Beralih ke konteks lain dalam upaya pelestarian, sesi talkshow juga menghadirkan Jemmy Chayadi, Head of Sustainability Djarum Foundation. Ia menyoroti urgensi pelestarian macan tutul Jawa, yang kini menjadi predator puncak terakhir di Pulau Jawa, menyusul punahnya harimau Jawa pada era 1990-an. “Jika macan tutul Jawa punah, keseimbangan ekosistem di Jawa akan terganggu secara serius,” tegasnya. Oleh karena itu, Djarum Foundation aktif mendukung sensus satwa liar nasional dan mengajak perusahaan-perusahaan lain untuk turut serta dalam menjaga kelangsungan hidup spesies kunci ini.
Representasi dari organisasi konservasi nirlaba, Priscilla Christine, Direktur Komunikasi dan Sekretaris Yayasan Konservasi Alam Nusantara (YKAN), memberikan peringatan mengenai ancaman krisis ganda yang sedang dihadapi dunia: perubahan iklim dan hilangnya keanekaragaman hayati. YKAN telah merespons krisis ini melalui strategi kolaborasi multipihak yang melibatkan pemerintah, sektor swasta, dan komunitas lokal di wilayah program konservasinya. “Meskipun tantangan ini kompleks dan tidak dapat diselesaikan dengan cepat, kami melihat kemajuan yang signifikan: satwa mulai terlindungi dan kerusakan alam dapat diminimalkan. Kunci utama keberhasilan terletak pada kolaborasi yang kuat dari berbagai pihak,” papar Priscilla. Untuk meningkatkan kesadaran publik, YKAN juga gencar menggalakkan kampanye melalui inisiatif seperti “Life Music: Suara Alam Nusantara,” sebuah koleksi rekaman suara alam Indonesia yang kini dapat dinikmati di Spotify dan YouTube.
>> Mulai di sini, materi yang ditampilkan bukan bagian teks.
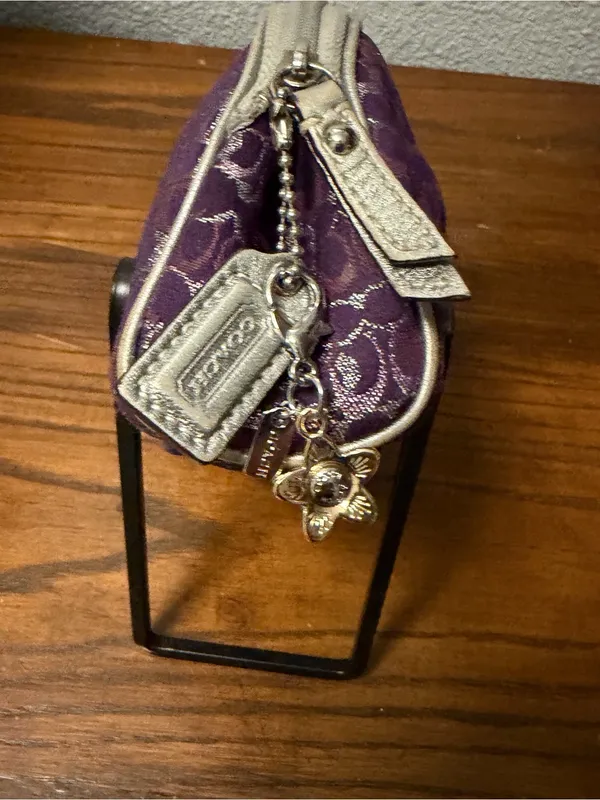 coach Purple Jacquard Cosmetic Case with Metallic Accents Coach charm added - Image 2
Secara keseluruhan, diskusi dalam Green Colabs secara tegas menyimpulkan bahwa upaya konservasi keanekaragaman hayati yang berkelanjutan hanya dapat terwujud melalui semangat kolaborasi. PTFI telah menunjukkan kontribusi monumental melalui riset dan program konservasinya di Papua; Djarum Foundation memperkuat pelestarian satwa kunci di Jawa; sementara YKAN aktif menghubungkan masyarakat dengan keindahan alam melalui kampanye kesadaran publik yang inovatif. Sinergi antara sektor swasta, organisasi nirlaba, dan komunitas lokal ini menjadi penegas bahwa pelestarian kekayaan keanekaragaman hayati Indonesia adalah tanggung jawab kolektif yang harus diemban bersama, mewujudkan semangat “dari kota, kembali ke alam.”